But there's a fundamental difference on the Republican side, and it has to do with those Christianists I mentioned. The difference between them and libertarians or neocons, or moderates and liberals, for that matter, is that they don't believe in pluralism. Their principles are incompatible with liberal democracy; they just have different fundamental principles guiding their political engagement than the rest of us (and by "us" I mean like 80% of the American people, including many conservatives, and even many social conservatives). For this reason their support of the Republican party was always an unsustainable alliance, and I don't think it can be maintained for much longer.


[ Parent ]
But would they hang around? (4.00 / 2)
Most of the Paulites seemed to be gadflies. Some of them may very well be influential, but it's unclear that they'll remain part of the Republican base or that they could forge a new organisation of their own. Their mix of hero worship and conspiracy theories is not conducive to movements.

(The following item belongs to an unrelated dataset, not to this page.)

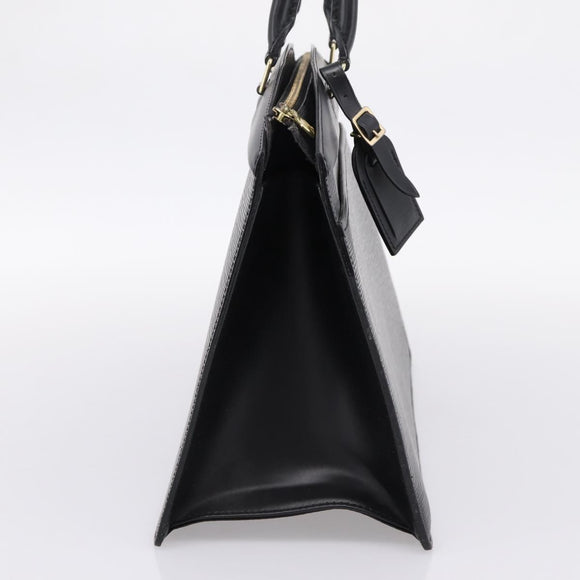 LOUIS VUITTON Epi Riviera Hand Bag Black M48182 LV Auth BA15538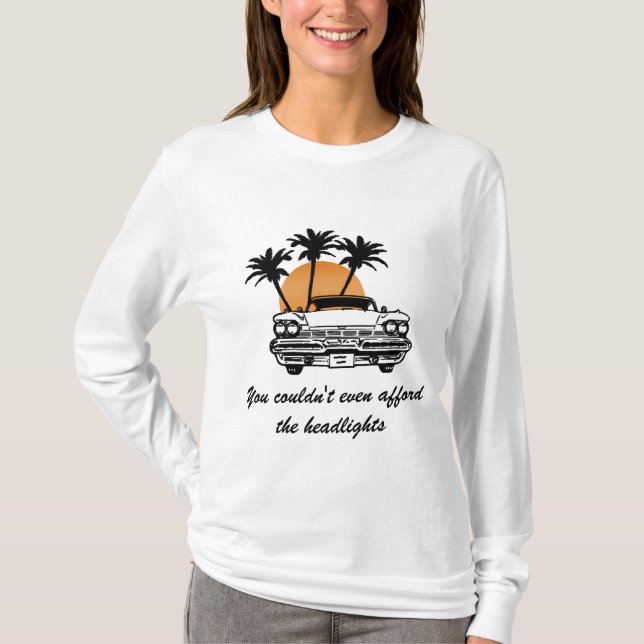 Cadillac-Auto-T-Shirt T-Shirt (Vorderseite)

Forgotten Countries - a foreign policy-focused blog

[ Parent ]
what did they call Markos and Jerome in 2002-03? nt (0.00 / 0)


[ Parent ]
I thought most of the ardent Paulites were young people... (4.00 / 1)
In my experience young, ardent libertarians (or their current flavor, Paulites) rarely stay that way.  They are mostly white males and as they age they just become middle of the road Republicans because pot smoking and sexual freedom just aren't as important as low taxes by the time they hit 40.  Since most of social conservatism is aimed at keeping white males in power being Republican ultimately becomes a win-win and the seeming disconnect between the Christianists and greedicans isn't hard to overcome.  

[ Parent ]
it could be isolationists. both Democrats and Republicans have become very interventionist in foreign policy. (4.00 / 1)
Although for different reasons, with different standards, and different means. (Republicans are certainly more militaristic in their foreign policy.)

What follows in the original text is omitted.